[Brief descriptive captions]
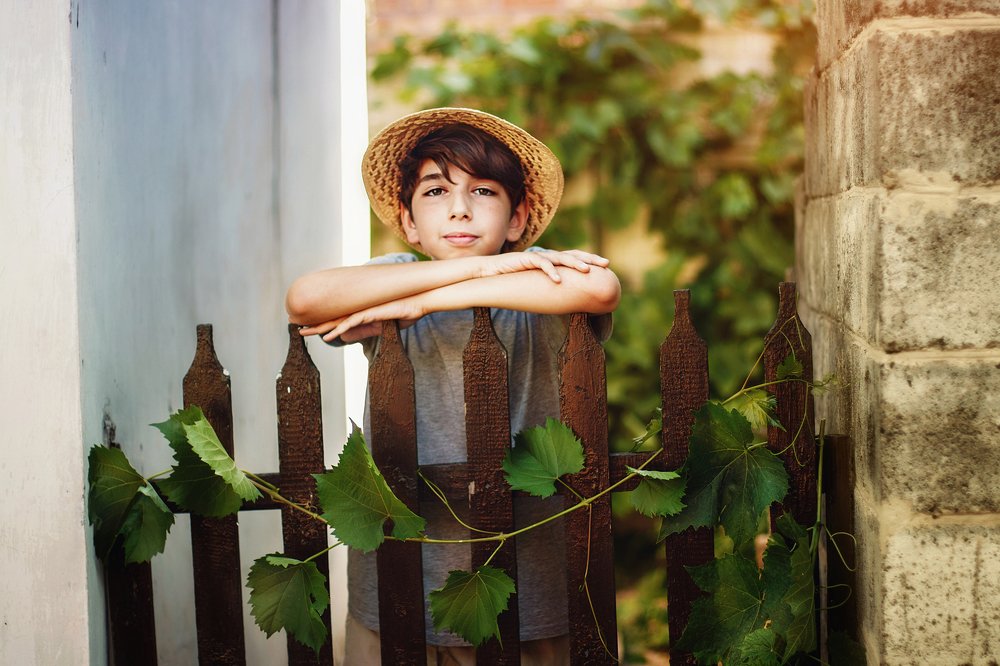 Photograph by Тина Ялова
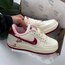 Air Force Valentine’s Day Bej
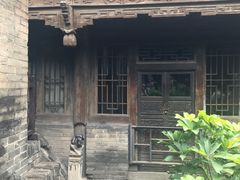 -山西王家大院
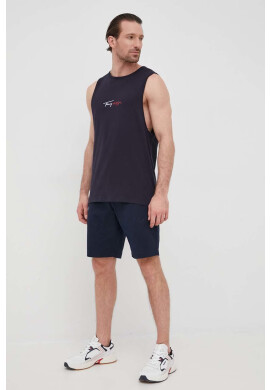Tommy Hilfiger Памучна тениска - Pepit.bg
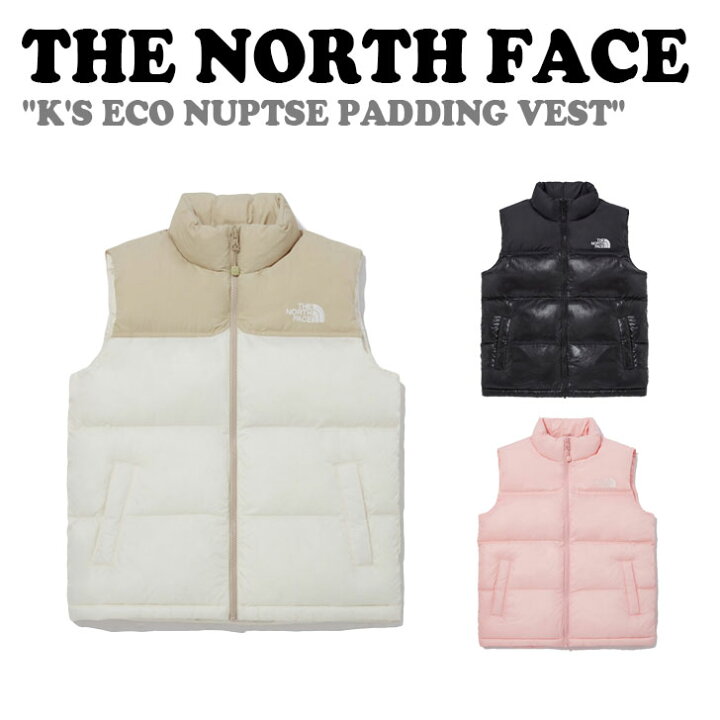 楽天市場】ノースフェイス ベスト THE NORTH FACE 男の子 女の子 K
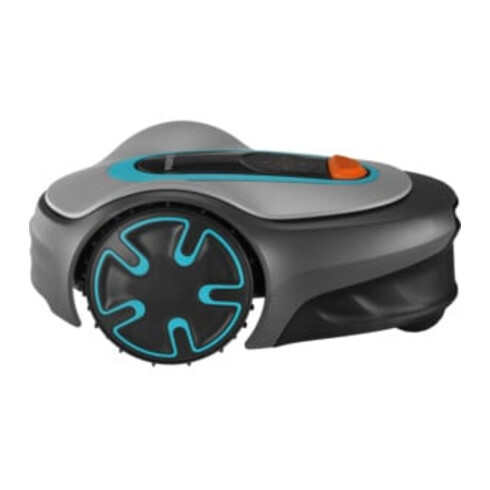 GARDENA Mähroboter SILENO minimo 500 m²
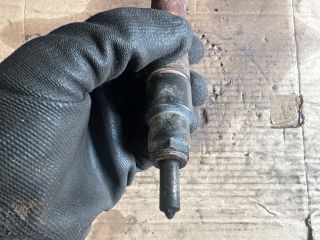 bontott SEAT INCA Porlasztó (1 db)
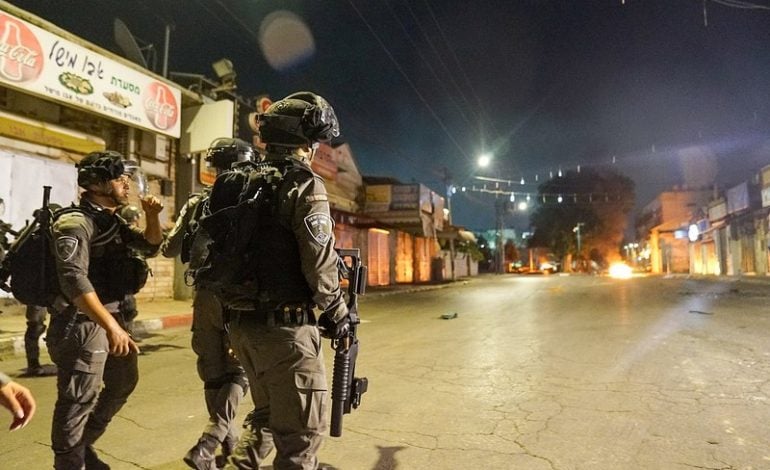 Putin: Konflikt izraelsko-palestyński toczy się w bezpośredniej bliskości granic Rosji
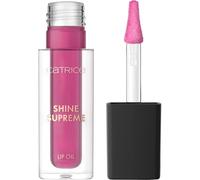 Catrice Lip gloss Shine Supreme Oil 4 ml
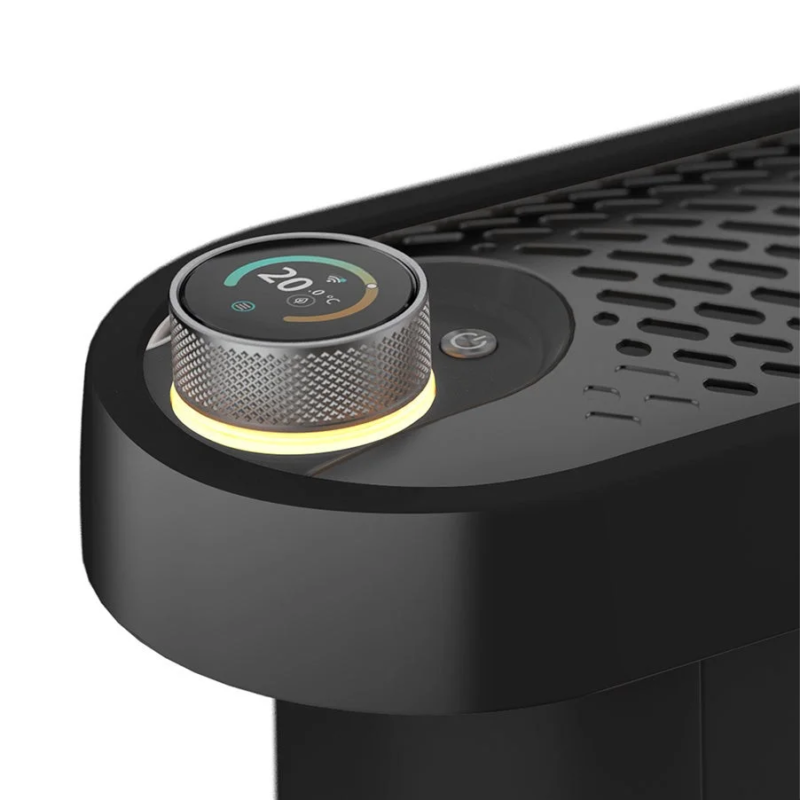 Control knob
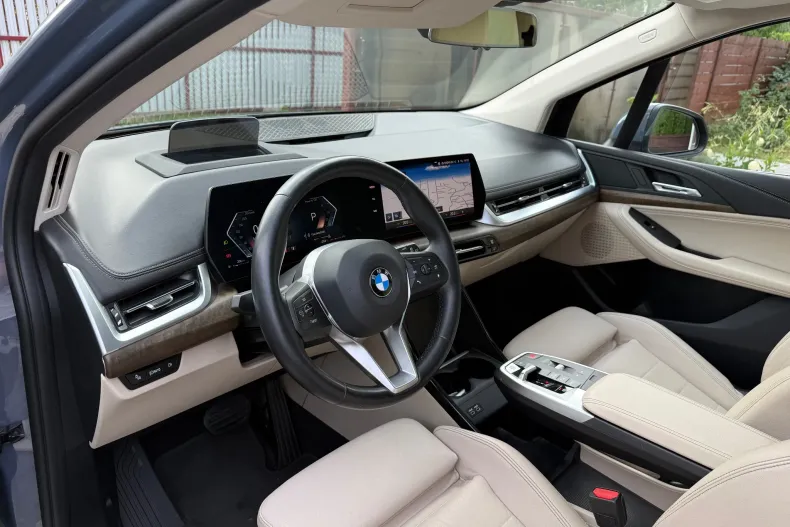 BMW 218 (Seria 2) din 2022 cu 33.800 km - oferta BMW256699 - foto 14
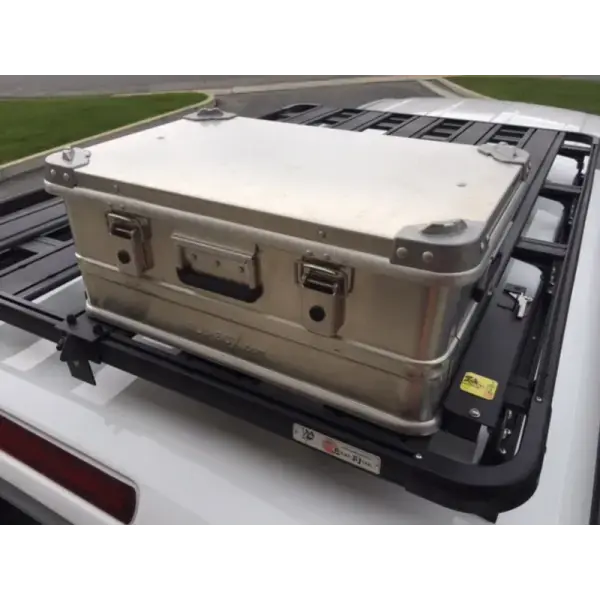 Achetez Eezi-awn Alu-box Tray au meilleur prix sur Offroad-Su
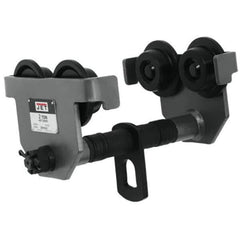 Jet - Trolleys Type: Manual Load Capacity (Lb.): 4,400.000 - Industrial Tool & Supply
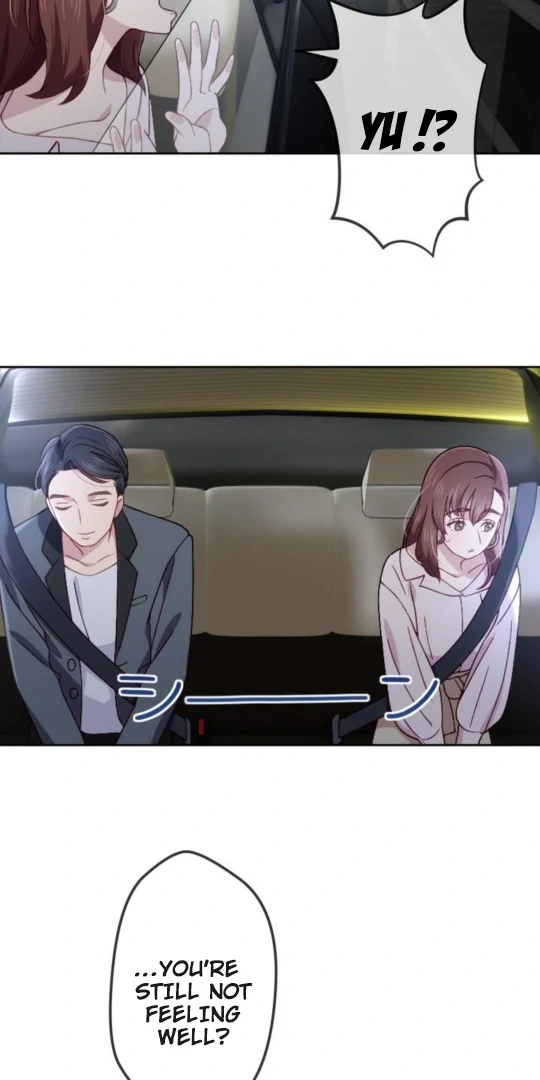 Complicated Love In Tokyo Chapter 5 169 24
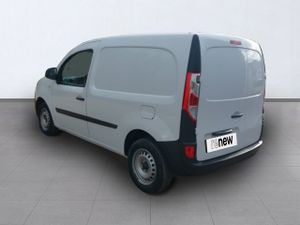 Renault Kangoo Furgon Diesel Fg. 1.5blue Dci Profesional 59kw  - Foto 9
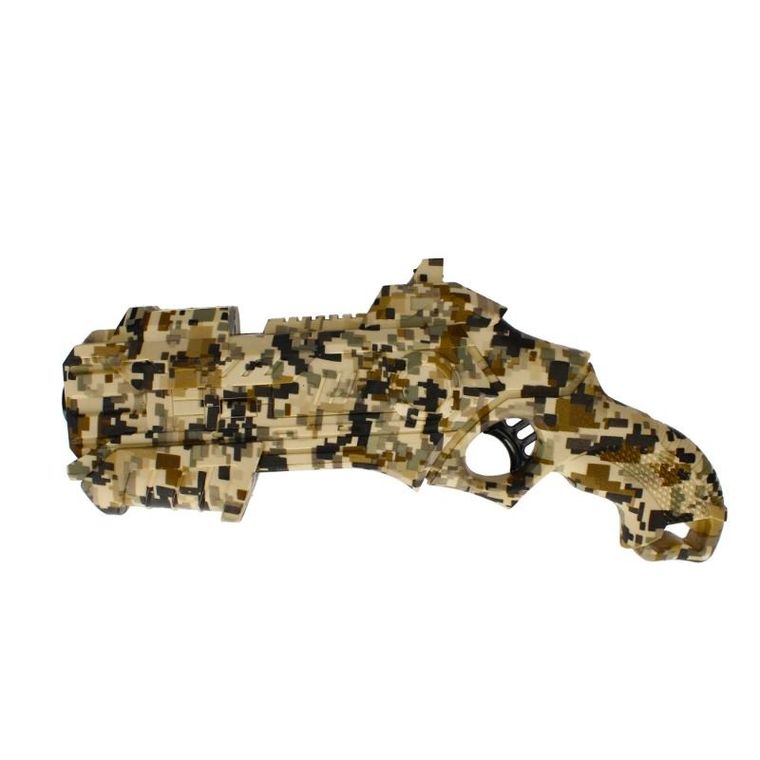 Mega Creative, wojsko, wyrzutnia, zestaw ze strzałkami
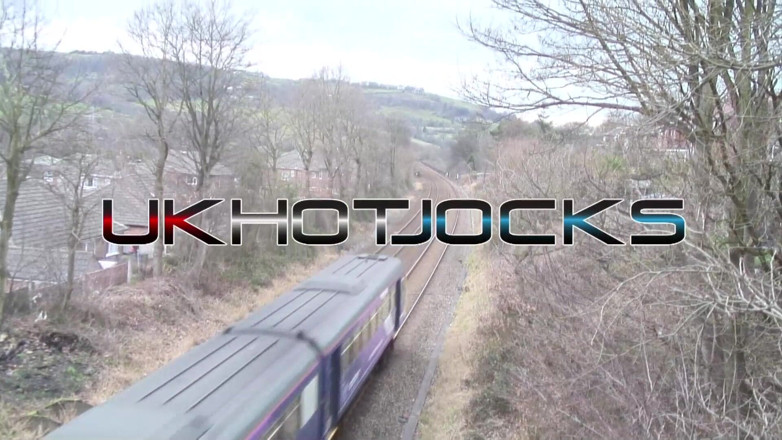 UK Hot Jocks: Hard Discipline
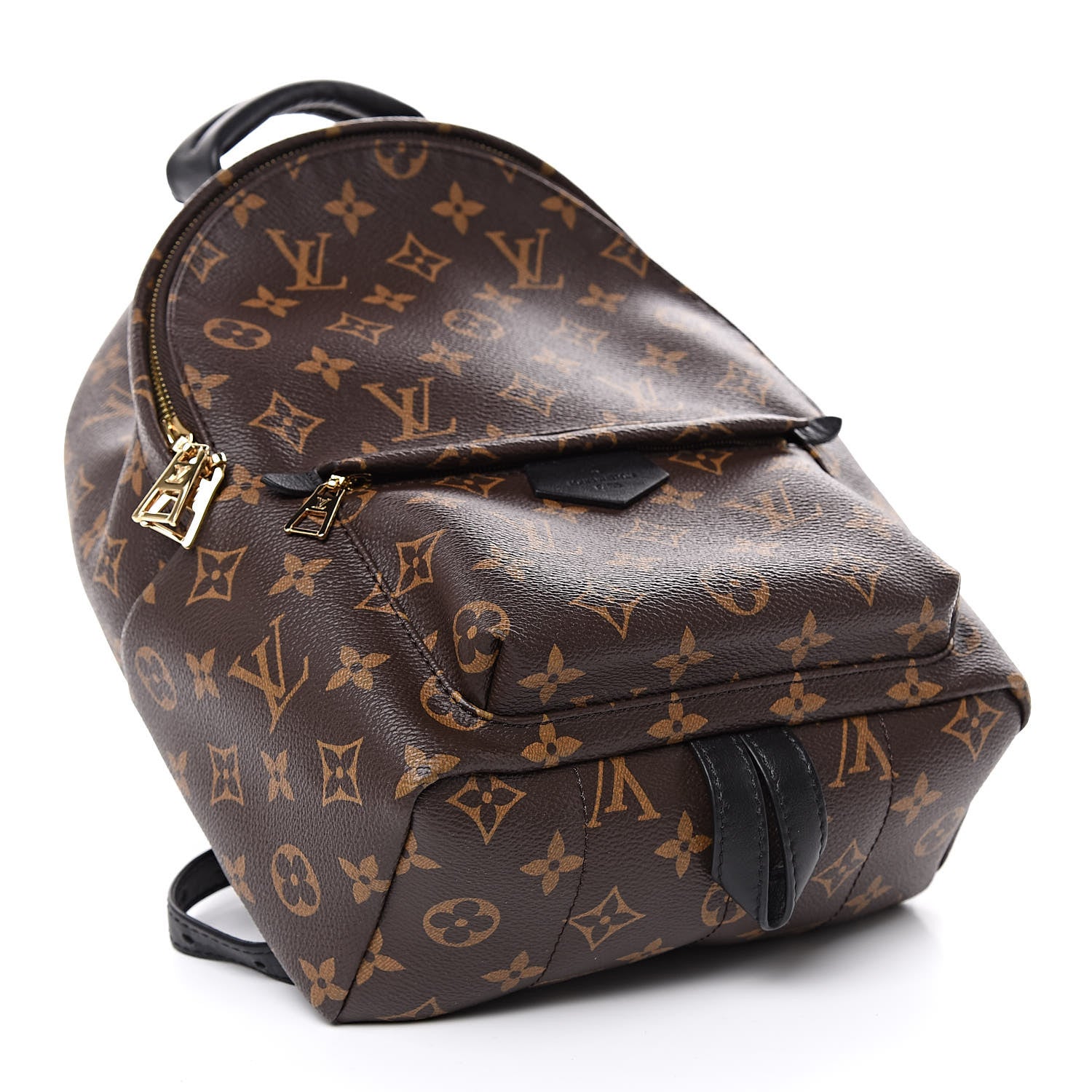 Louis Vuitton Monogram Palm Springs Backpack PM 4 of 10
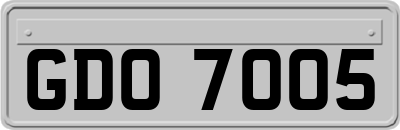 GDO7005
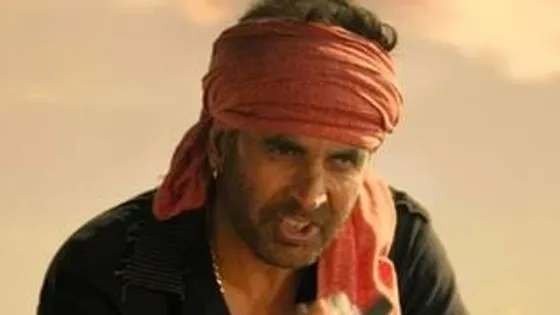 The trailer of Sajid Nadiadwala’s Bachchhan Paandey takes the internet by storm!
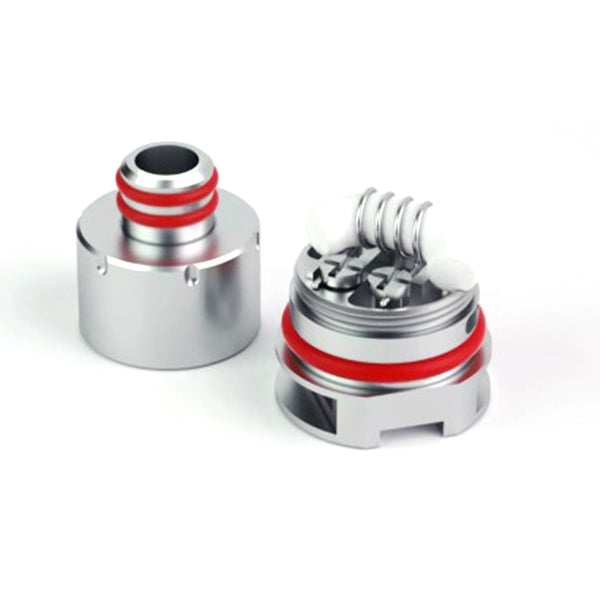 SMOK RPM RBA Replacement 0.6ohm Coil 1pc-pack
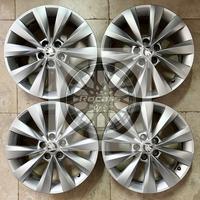 Cerchi 16 Skoda Kamiq Rapid Scala Audi A1 Polo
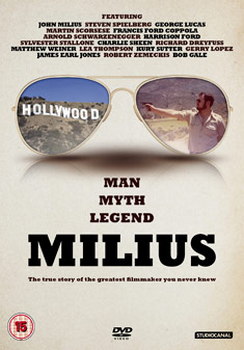Milius (DVD)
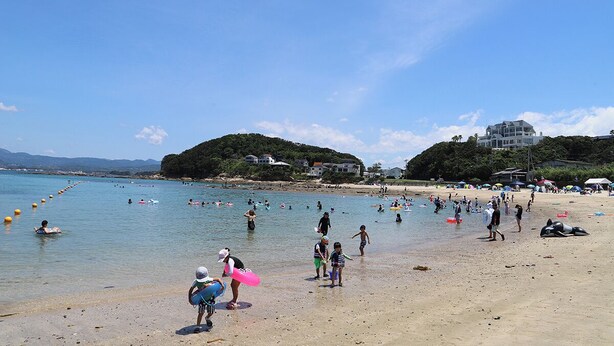 Strand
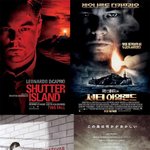 셔터아일랜드 반전!? (스포없음)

REQUIRED ACTION » Every line from the one with "Control knob" through the one with "Renault Kangoo Furgon" is to be reproduced exactly as written above, and the pictures are to be dropped.

TASK RESPONSE »
 Control knob
 BMW 218 (Seria 2) din 2022 cu 33.800 km - oferta BMW256699 - foto 14
 Achetez Eezi-awn Alu-box Tray au meilleur prix sur Offroad-Su
 Jet - Trolleys Type: Manual Load Capacity (Lb.): 4,400.000 - Industrial Tool & Supply
 Complicated Love In Tokyo Chapter 5 169 24
 Renault Kangoo Furgon Diesel Fg. 1.5blue Dci Profesional 59kw  - Foto 9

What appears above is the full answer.